You rarely hand-roll the spot request or the resume bookkeeping. A managed launcher such as SkyPilot provisions interruptible capacity, watches for preemptions, and relaunches the job pointed at the last checkpoint, all from a short spec. The thirty lines of metadata polling, capacity reacquisition, and resume wiring collapse to a single field plus a recovery policy:

# SkyPilot task spec: run on spot, auto-recover on preemption.
resources:
  accelerators: A100:8
  use_spot: true            # request interruptible capacity (the discount)
  spot_recovery: FAILOVER   # on preemption, find capacity elsewhere and relaunch

run: |
  python train.py --resume-from /checkpoints/latest   # idempotent resume
Code 33.8.2: The same survival behavior as Code 33.8.1 expressed declaratively. use_spot: true captures the discount; spot_recovery: FAILOVER hands the launcher the job of detecting preemption, finding fresh capacity (possibly in another zone or instance type), and restarting from --resume-from. The AWS and GCP equivalents are the --instance-market-options spot flag and the --provisioning-model=SPOT flag respectively.

4. The Cost and Wasted-Work Model Advanced

Checkpointing fights a two-sided tax, and the optimum balances them. Checkpoint too rarely and a preemption discards a large slice of recomputable work; checkpoint too often and you spend the run writing state you never need to restore.

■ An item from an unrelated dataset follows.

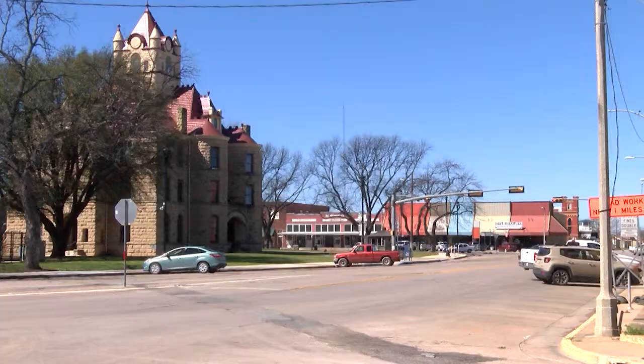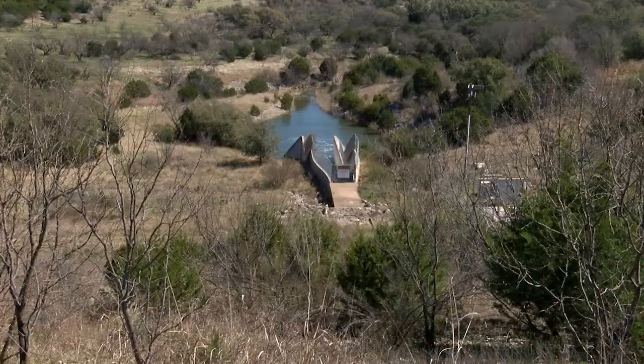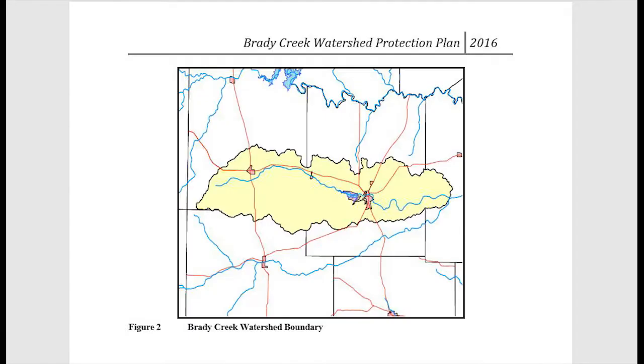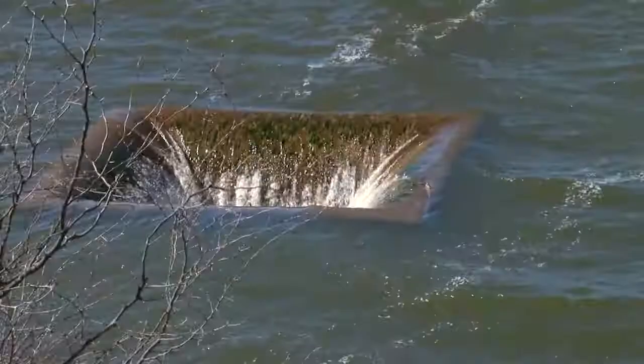The Brady Creek Reservoir in Brady, Texas is finally full and even releasing water out of its non-emergency spillway, benefiting those downstream. About mid-October, when all the rains were coming and creating so many problems in so many communities, our dam reservoir did exactly what it was supposed to do. Getting the reservoir full is usually difficult given how narrow the Brady Creek Watershed and Recharge Zone is. Thanks to those high fall rains, the reservoir is full and water is flowing downstream where agricultural and recreational users can benefit.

Model the run with a preemption rate $\lambda$ (preemptions per hour), so the mean time between preemptions is $\text{MTBF} = 1/\lambda$, a checkpoint cost $C$ (the wall-clock time to write one), and a checkpoint interval $\tau$. If a preemption lands at a uniformly random moment within an interval, the expected work lost is half the interval, because on average the kill arrives halfway between checkpoints:

$$\mathbb{E}[\text{wasted work per preemption}] \approx \frac{\tau}{2}.$$

Spread over the run, three overheads accumulate per unit of useful compute: the checkpoint-writing fraction $C/\tau$, the expected lost-recompute fraction $\tau/(2\,\text{MTBF})$, and a restore fraction $R/\text{MTBF}$ for the time $R$ to detect the loss, reacquire capacity, and reload. The total overhead fraction is

$$f(\tau) = \frac{C}{\tau} + \frac{\tau}{2\,\text{MTBF}} + \frac{R}{\text{MTBF}}.$$

Only the first two terms depend on $\tau$, and they trade off cleanly: one falls as $\tau$ grows, the other rises. Setting $\mathrm{d}f/\mathrm{d}\tau = 0$ gives $-C/\tau^2 + 1/(2\,\text{MTBF}) = 0$, whose solution is the Young/Daly optimal checkpoint interval, the same square-root law that governs checkpointing in classical high-performance computing:

$$\tau^{\star} = \sqrt{2\,C\,\text{MTBF}}.$$

The interpretation is worth holding onto: the best interval grows with the geometric mean of how expensive a checkpoint is and how long the machine typically survives. Cheap checkpoints or frequent preemptions pull $\tau^{\star}$ down; expensive checkpoints or rare preemptions push it up. Finally, the dollar cost is just price times wall-clock. If the run needs $T_{\text{useful}}$ hours of pure compute and spot sells at a fraction $(1-d)$ of the on-demand price $p$ per hour, the expected spot bill is

$$\text{cost}_{\text{spot}} = \underbrace{T_{\text{useful}}\,(1 + f(\tau^{\star}))}_{\text{wall-clock hours}} \; \cdot \; p \,(1 - d),$$

to be compared against the on-demand bill $T_{\text{useful}}\,p$ when the run is never preempted. The discount $d$ is large; the overhead $f(\tau^{\star})$, at a sensible interval, is small. The demo below evaluates this model end to end, finding $\tau^{\star}$ and the resulting saving for a representative hundred-hour run.

import math

mtbf_hours, C_min, restore_min = 6.0, 4.0, 8.0   # preempt every ~6h; 4-min ckpt; 8-min restore
useful_hours = 100.0                              # pure compute if never interrupted
on_demand_per_hr, spot_discount = 12.00, 0.70     # $/hour and the 70% spot discount

C_hours, restore_h = C_min / 60.0, restore_min / 60.0
tau_opt_h = math.sqrt(2.0 * C_hours * mtbf_hours)             # Young/Daly: sqrt(2*C*MTBF)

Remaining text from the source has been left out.